Let us look at p = 0.7 which is closest to the alternative hypothesis. We can ask the question: what is the probability to observe 60 or fewer interested customers in our sample of 100 customers if the share of interested customers is 0.7? In order to answer this question, we need to know the distribution of the random variable X = X_1 + X_2 + \ldots + X_{100}. Assuming that the answers of the customers are independent, we have that X is a binomial random variable with parameters n = 100 and p = 0.7. The probability mass function of a binomial random variable is given by

\begin{align*} P(X \leq 60) &= P(X = 0) + P(X = 1) + \ldots + P(X = 60)\\ &= \sum_{k = 0}^{60} \binom{100}{k} 0.7^k 0.3^{100 - k} \\ & = \binom{100}{0} 0.7^0 0.3^{100} + \binom{100}{1} 0.7^1 0.3^{99} + \ldots + \binom{100}{60} 0.7^{60} 0.3^{40} \end{align*}

It is cumbersome to calculate this sum by hand, so we will use the computer. In Python, we can use the scipy.stats.binom module to calculate the probability mass function of a binomial random variable. The function binom.cdf calculates the cumulative distribution function of a binomial random variable. The cumulative distribution function of a random variable X is defined as F(x) = P(X \leq x) and is exactly what we need here.

from scipy import stats
import numpy as np

n = 100
p = 0.7
p_hat = 0.6
expected_successes = p * n
observed_successes = p_hat * n

print("Probability of seeing less or equal to 60 successes out of 100 trials:", stats.binom.cdf(observed_successes, n, p))

Probability of seeing less or equal to 60 successes out of 100 trials: 0.020988576003924803

We have seen that the probability to observe 60 or fewer interested customers in our sample of 100 customers is about 0.021. This probability is called the p-value of the test and it is important to understand what it means. The number of successes (the interested customers) is a summary of the data (a statistic). When we computed the p-value using a population share of successes of 0.7, so the p-value is a conditional probability, the condition being that the null hypothesis is true. It tells you how surpirsing the data (as summarized by the statistic) is if the null hypothesis is true. This is similar to the approach in mathematics where we can prove something by assuming that some conjecture is true and then derive a contradiction. In applied statistics there is no such thing as a proof as in mathematics, but the p-value serves as a kind of probabilistic “proof”. If it is very small, then the data is surprising if the null hypothesis is true and we choose to believe the data rather than the null hypothesis. If the p-value is large, then the data is not surprising and we can say that the data is consistent with the null hypothesis. To see this, we can run a small simulation to see how the p-value behaves if the null hypothesis is true.

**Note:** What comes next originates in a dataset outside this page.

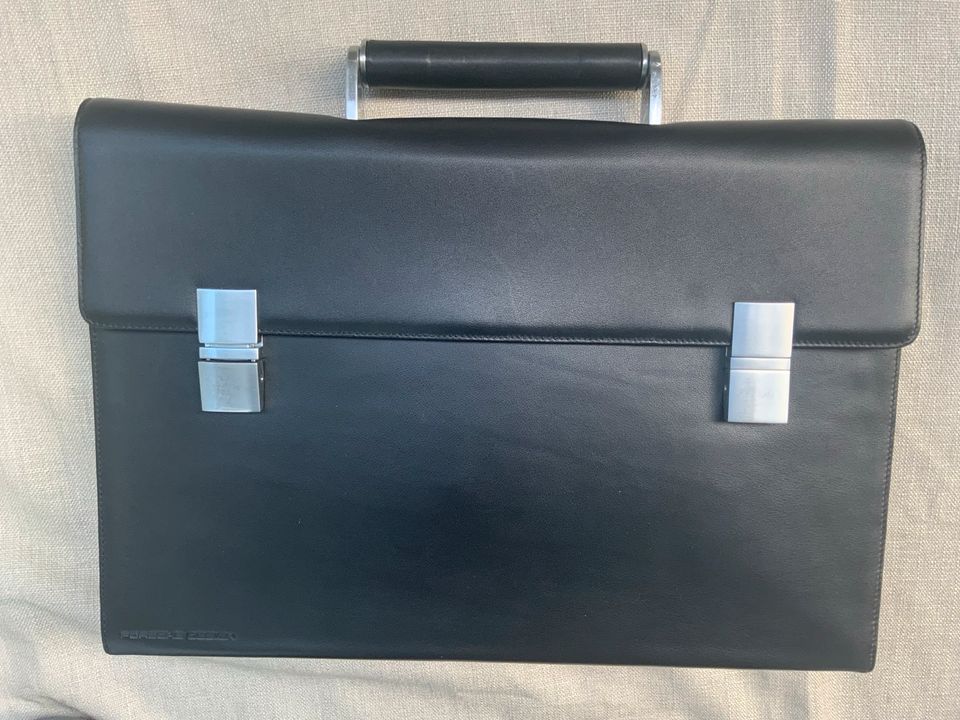 Porsche Design Classic Line Briefbag CL(S) Laptop Aktentasche in Duisburg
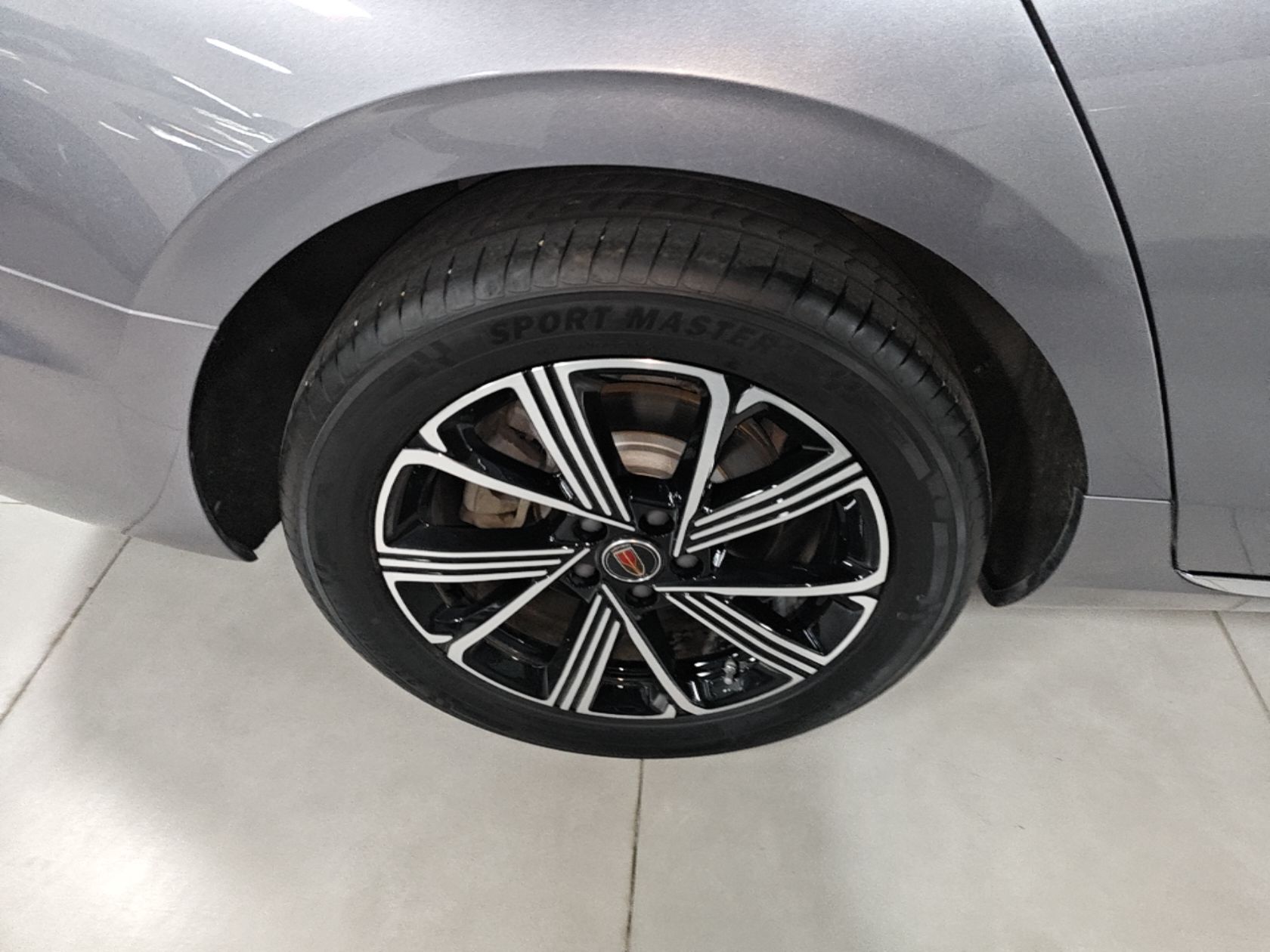 Hongqi H5 PHEV 2025 170 Super Hybrid Version — снимка 11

## Generate a sample of 1000 binomial random variables, each showing the number of successes in 100 trials

sample100 = np.random.binomial(n, p, size = 10000)

# Print the first 20 samples
print(sample100[0:20])
print("Mean of the samples:", np.mean(sample100))

# Now we can count the number of samples with less or equal to 60 successes

print("Number of samples with less or equal to 60 successes:", np.sum(sample100 <= 60))

[81 71 75 77 67 72 70 74 68 70 74 72 72 77 70 68 73 73 70 68]
Mean of the samples: 69.9515
Number of samples with less or equal to 60 successes: 215

1000 * 0.0209885760

20.988576

As the simulation shows, if the true share of the interested customers is 0.7, then we expect to get about 21 samples out of 1000 where the number of successes is less or equal to 60. This is a rare event, so with a p-value of 0.021 we can reject the null hypothesis that the share of interested customers is at least 0.7. In other words, the data is not consistent with the null hypothesis. At this point you should be asking the question: how surprising must the data be so that we conclude that the data is inconsistent with the conjecture. This question does not have a definitive answer, but a common rule of thumb is to reject the null hypothesis if the p-value is less than 0.05. This is called the 5% significance level.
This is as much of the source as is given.